No cabe duda de que los ayuntamientos desempeñan un papel fundamental en la vida social y política española. Al menos desde los escritos de Joaquín Costa, el autogobierno municipal ha constituido un objetivo importante en nuestro país; y para ello es imprescindible que los municipios dispongan de medios económicos suficientes. Esto no se ha conseguido, sin embargo, por un doble motivo. En primer lugar, porque la acusada descentralización que ha experimentado el país en los últimos treinta años ha consistido, básicamente, en la transferencia de competencias y recursos financieros desde la Administración central a las Comunidades Autónomas; y éstas últimas, mientras criticaban al gobierno central y defendían la proximidad de la administración pública a los ciudadanos, mantenían una actitud centralista frente a sus propios municipios y se oponían a incrementar su capacidad de autogobierno. Pero tampoco los ayuntamientos están libres de culpa. Su gestión económica, en muchos casos, ha estado muy lejos de ser modélica; y su política urbanística –estrechamente ligada, por desgracia a la financiación de las políticas municipales antes mencionada– ha planteado serias dudas sobre lo que podría suceder con un nivel mayor de recursos económicos, basados, por ejemplo, en la cesión de determinados impuestos o una coparticipación en ellos.

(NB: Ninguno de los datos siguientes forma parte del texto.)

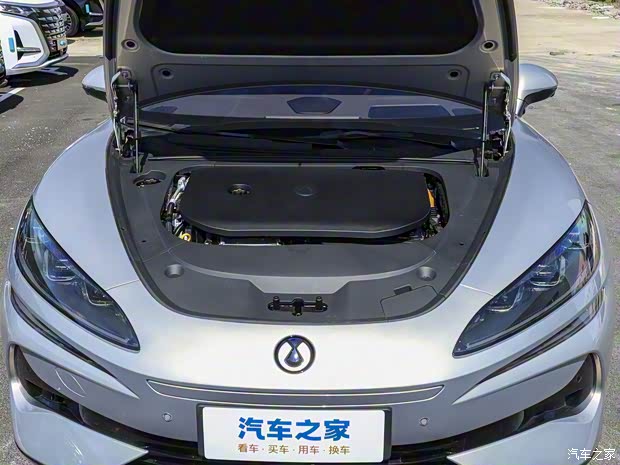腾势汽车 腾势Z9GT 2024款 1100四驱Max版 腾势汽车 腾势Z9GT 2024款 1100四驱Max版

Por esta vía habrá que ir, sin embargo, en el futuro; y esto exigirá una reforma profunda de las finanzas municipales, no sólo en lo que respecta a la naturaleza y al volumen de sus ingresos, sino también a su gestión y transparencia. Pero, en todo caso, y con urgencia, dada la situación en la que nos encontramos, será preciso empezar a reducir de forma significativa los gastos en un gran número de ayuntamientos. No será algo sencillo de hacer, ciertamente.

Pero no queda más remedio que implantar planes de austeridad, sin que el hecho de que los municipios realizan “gasto social” pueda utilizarse como excusa. El endeudamiento puede ser inevitable en algunos casos. Pero habría que analizarlo con el mayor detalle; y, sobre todo, evitar el recurso fácil de acudir a determinadas cajas de ahorros, que no se encuentran hoy precisamente en su mejor momento.